I was actually kind of looking forward to seeing the movie version of Mamma Mia!, mostly because of the film's terrific cast. I was a bit deflated when the reviews came out last Friday, but nonetheless resolved to see the movie over the weekend, lest the word-of-mouth sway me too far in either direction.
Well, let's just say that the reviews were overly kind, even the scathing ones. This atrocity sets movie musicals back twenty years. Yes, you'd need to go back to John Huston's bloated "Annie," Richard Attenborough's insipid "A Chorus Line," or Colin Higgins' flaccid "The Best Little Whorehouse in Texas" to find a movie musical this clumsy, charmless, and just plain painful to sit through.
The worst of the movie's crimes lies in wasting its wonderfully talented cast. Poor Meryl Streep is forced to mug, snort, writhe, and squeal her way through this discomfiting affair. The marvelous Christine Baranski comes off as an awkward mix of Mae West and Frank N. Furter from "The Rocky Horror Picture Show." And the otherwise wonderful Julie Walters gives the most over-the-top and painfully frenetic performance in a movie chockablock with same.
The rest of the cast doesn't fare much better, although the young lovers Amanda Seyfreid and Dominic Cooper come off marginally less embarrassing than their more mature co-stars. To say that Pierce Brosnan can't sing would be an understatement. Not since Audrey Hepburn in "Funny Face," or perhaps Vanessa Redgrave in "Camelot," have we heard warbling this forced and tuneless. Stellan Skarsgard somehow manages to maintain his dignity, despite the humiliating business Lloyd gives him in a misguided effort to add life to his songs. And the less said about the normally reliable Colin Firth the better.
How do you make this slate of pros look lame and amateurish? You hire an inexperienced director and a hack writer. Phyllida Lloyd should never be allowed to make another movie. Her enervating mix of hyper-reality and lame musical comedy drains what was an amusing trifle of a stage show of whatever charm to which it might once have laid claim. Her tyro director status makes itself readily apparent in myriad ways, including her use of hackneyed camera tricks. (Example: When the Meryl Streep character first sees her three former suitors, Lloyd has the camera zoom quickly in on each of the men's faces. What is this, "Looney Tunes"? I'm surprised she didn't ask the sound guy to throw a "SPROING!" effect into the soundtrack.)

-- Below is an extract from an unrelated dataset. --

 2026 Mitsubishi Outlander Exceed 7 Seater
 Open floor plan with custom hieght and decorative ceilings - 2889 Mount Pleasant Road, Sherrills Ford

Screenwriter Catherine Johnson also wrote the book for the stage version of Mamma Mia! To begin with, the plot is stolen from Alan Jay Lerner's little-known musical Carmelina. (Admittedly, Lerner himself stole the story from the movie "Buona Sera, Mrs. Campbell", although he denied it to his dying day.) But more important, there's no credible drama, no believable emotion, and no genuine wit to be had anywhere in the script. But somehow the show works, whereas the movie holds an unflattering light up to the holes in the plot, the dearth of humor, and the lack of character development. And Anthony van Laast's choreography, which on stage was passable, here looks like something out of a local PTA talent show.
Normally, I'll buy the DVD to pretty much any movie musical, if only to help prove that there's a market for this stuff. However, I would sooner endure a colonoscopy and a root canal simultaneously than suffer through the pain of Mamma Mia! ever again.